The device itself was — and still is — based on some underlying assumptions that, as near as I can tell, have never been scientifically proven (though, in fairness, they don’t appear to have been soundly disproven either). The assumptions include, again from Levy’s 1982 article, “first, that measurements of like-dislike could serve as meaningful indicators of the entire range of subjective reactions to the stimulus; second, that judgments of liking-disliking were made more or less constantly throughout exposure; third, that experimental subjected evaluated “parts” of the stimulus, rather than reaching holistic judgments about it; and fourth, that the stimulus itself, and not other factors such as the setting of exposure, was the major influence conditioning the audience experience.”
In other words — sure, fine, whatever. But really, who knows?
Dial tests were big for awhile on Madison Avenue and at the television networks, and then faded for a time in favor of other methods of measurement, occasionally making a resurgence, especially in the field of public opinion research and political polling, where it continues to thrive.
In 2007, dial tests made a big comeback during the presidential election season, in part due to heavy promotion by Frank Luntz, with backup from a couple of professors of communication at Southern Methodist University, Dan Schill and Rita Kirk. They were big proponents of the technique, particularly as a way of boosting ratings. In 2009, they wrote a chapter in a collection entitled Real-Time-Response Measurement in the Social Sciences, in which they tried to put to rest objections to the methodology by saying:
“One issue that should be put to rest is the notion that RTR is an inherently unsound methodology. . . . Ignoring the large body of research finding strong reliability and validity of the RTR methodology (Baggaley 1987; Biocca et al. 1994; Boyd & Hughes 1992; Fenwick & Rice 1991; Hughes 1992; Hughes & Lennox 1990; Maier et al 2007; Hallonquist & Peatman 1947; Hallonquist & Suchman 1979; Pham et al 1993; Schwerin 1940), these critics mistake the real time response reaction of the dial focus group with a large scale public opinion poll which relies on equal probability random sampling to estimate the attitudes of a larger sample. (Schill & Kirk, 2009, p. 168)”
Mitchell, Gordon R. “Public Opinion, Thinly Sliced and Served Hot”, International Journal of Communication 9(2015), 21–45.
In other words, if you want to be able to predict what a group of people thinks about something, for instance, independent voters in swing counties, dial testing is perhaps not the best tool. It measures, just like it says on the box, real time responses of the dial focus group. The degree to which this group of seven people, or hell, even TWO groups of seven people, are representative of a larger group is severely limited.
For a more extensive inquiry into the validity and reliability of real time response measurement, in the field of music evaluation, this piece is great (JSTOR link, so paywall or institutional login needed) and essentially says, “It depends”.
So, fine — go ahead and use consumer response technology in your Zoom focus groups if you really feel you must.

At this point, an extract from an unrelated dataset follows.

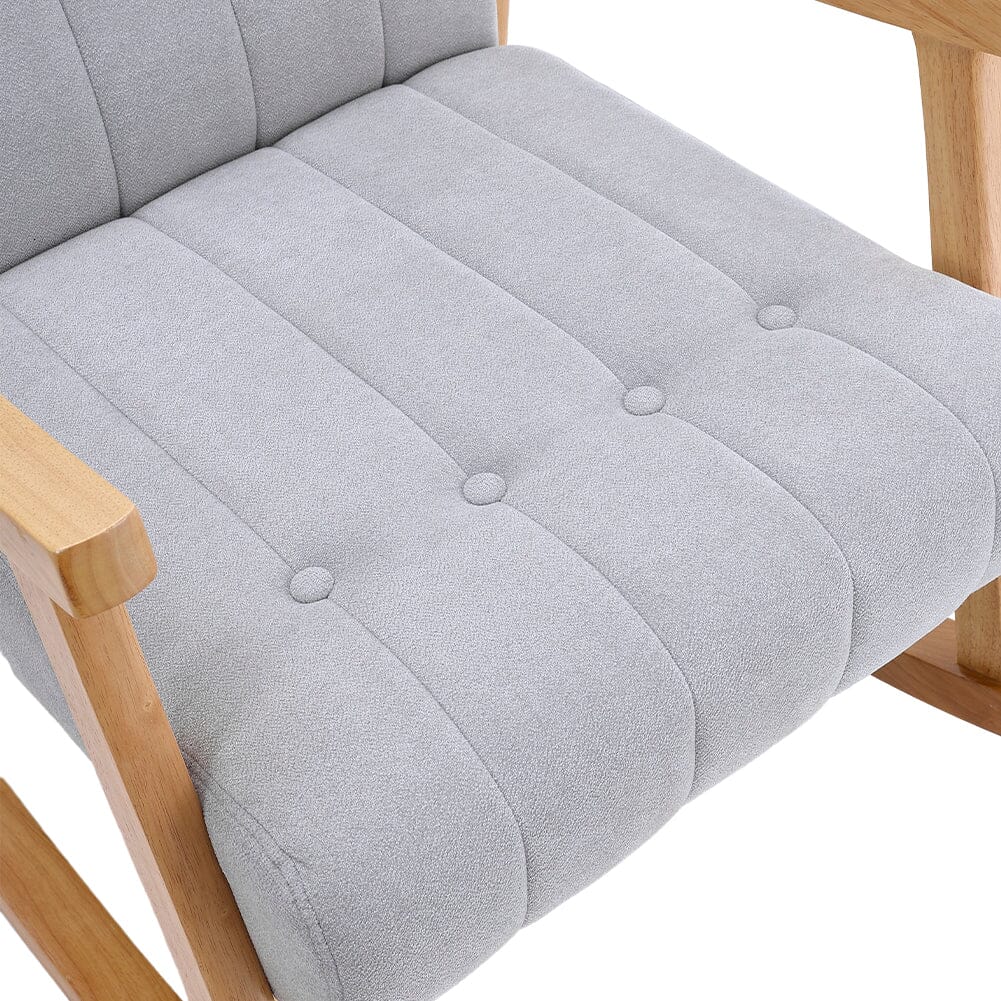 Solid Wood Rocking Chair with Velvet Upholstered Rocking Chairs Living and Home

But do not think it’s projectable to larger groups — and do not mistake the twisting of dials on a group Zoom call among strangers, with the way people actually react to bare stimuli out in their communities and on their feeds, or amongst their family, friends, colleagues and peers.
If you made it this far, thank you — your reward is that I can tell you why I silently scream when someone worries about groupthink in qualitative research. Worrying about groupthink tells me that you don’t really know what groupthink is, and that you don’t really know how focus groups work. It might also tell you why dial testing causes me to sigh.
But probably my greatest source of outrage was simply that Axios wrote an article about a technology that can’t be projected onto large populations being used to solve a problem that probably didn’t exist, among 14 people in Zoom-based focus groups about a nineteen day old “Biden era”.
What are we even doing any more, I ask you.